Pacific Trade Agreement a Recipe for Corporate Greed

The ITUC has described the 12-country “Trans-Pacific Partnership” (TPP) trade deal announced on 5 October as a recipe for corporate greed. While the final text of the agreement is still not publicly available, leaked texts have given rise to major concerns amongst trade unions and other civil society groups.

Sharan Burrow, ITUC General Secretary, said, “Powerful corporations were given an inside track in the secretive negotiations of the TPP and their influence is clear in the outcome. Yet again, governments have put the interests of finance and big business ahead of ordinary people, with more financial deregulation, longer patents on medicines at the expense of the public, and restrictions on digital freedoms. Corporations will be able to sue governments under the infamous ISDS dispute procedures; there are no direct remedies for workers.”

Negotiators rushed to complete the deal in time for a “yes or no” vote in the US Congress before the presidential election campaign is in full swing next year.

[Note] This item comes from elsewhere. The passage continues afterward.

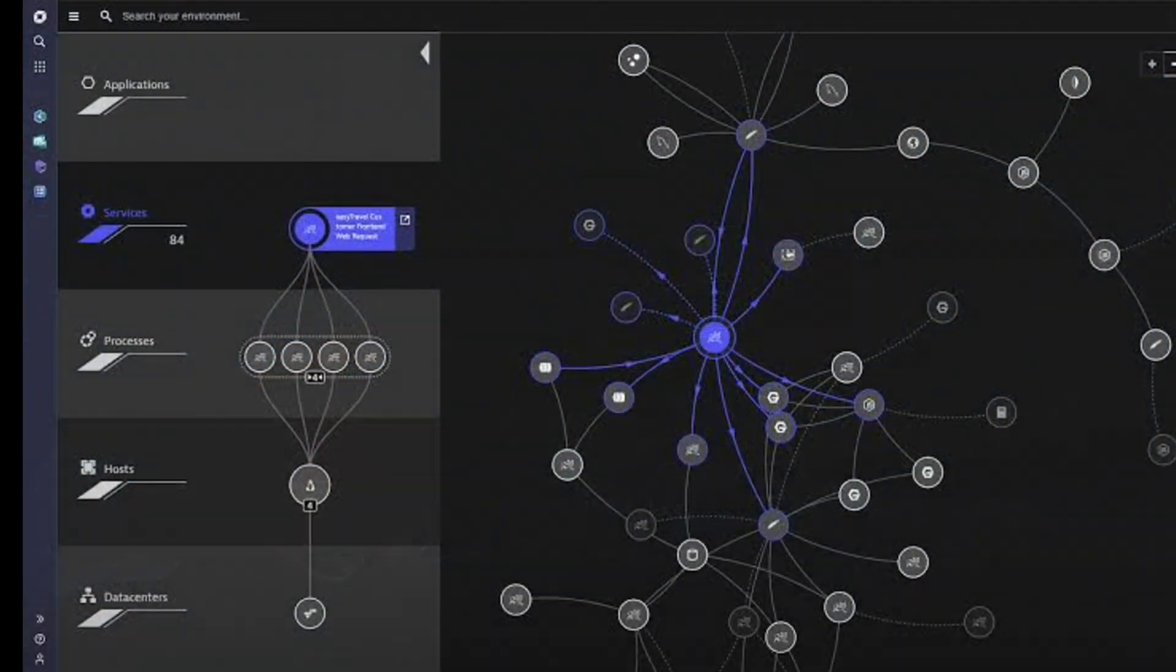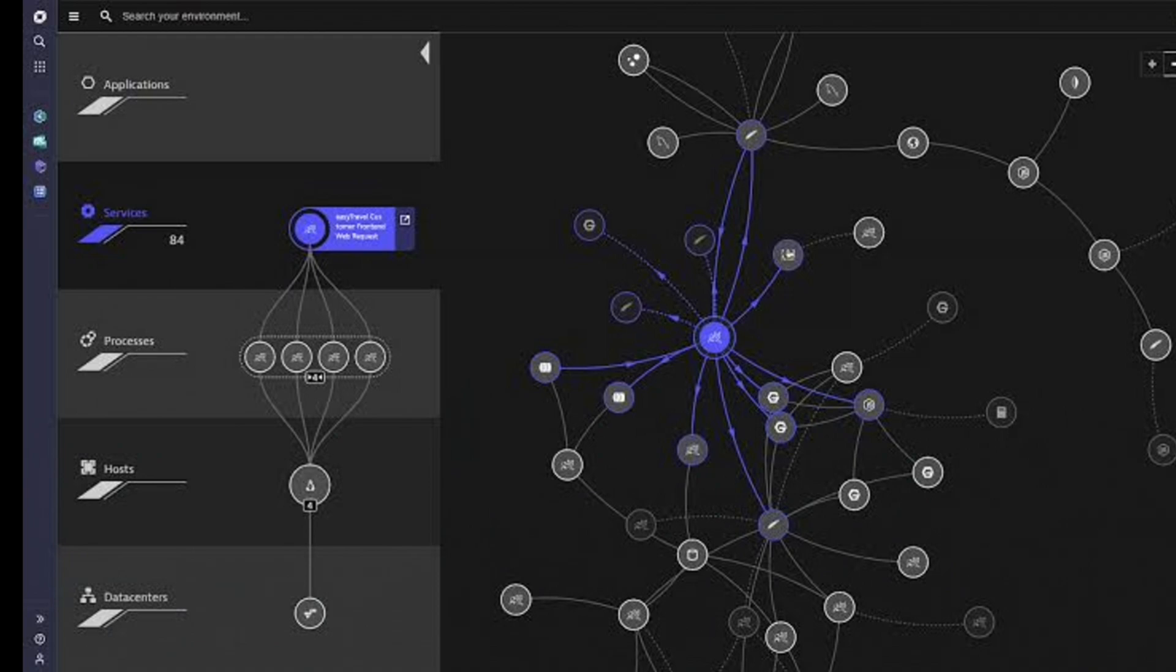Automation is another area where Dynatrace excels. Most monitoring tools require a lot of manual configuration, especially when you're dealing with complex dynamic environments like those that are common in cloud computing.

A labour chapter is included in the agreement. Trade unions put forward a comprehensive proposal to make such chapters more effective in guaranteeing workers’ rights and standards. Few ideas were taken up, and none which would have ensured that complaints see their day in court. While companies can directly launch ISDS proceedings to protect their profits, workers have to ask governments to intervene on their behalf. “Labour enforcement of this type has only ever been used once, under the Central American Free Trade Agreement (CAFTA), against Guatemala. That case has already taken seven years, and still there is no final decision or compliance by the government,” said Burrow.

A leaked draft of the environmental chapter contained no enforcement mechanism and failed to take into account the need for action to mitigate climate change.

During the negotiations, the US controversially watered down its criticism of Malaysia in its Trafficking in Persons report, in a move widely seen as a tactic to help push through the TPP deal. While TPP-related labour compliance plans were developed for Brunei, Malaysia and Vietnam, these will not come into force immediately, with a five-year delay in the case of Vietnam. No such plan was adopted for Mexico, where there are severe violations of ILO standards.

The TPP will constrain public procurement tenders with highly restrictive international rules that put an ill-conceived notion of “competitiveness” above public policy aims such as job creation, environmental protection and human and workers’ rights, when awarding contracts for procurement. Similarly, several governments have granted market access in public services and utilities that will jeopardise the quality of and public access to such services.

The agreement will also constrain governments’ ability to regulate through the establishment of new procedures that aim at harmonising regulation across the twelve countries, with corporations again getting an inside track.

“Lofty promises made by governments and business lobbies about job creation and living standards from this type of trade deal are a familiar refrain. Unfortunately, the bold predictions have rarely proven to be true, with powerful multinationals the real beneficiaries,” said Burrow.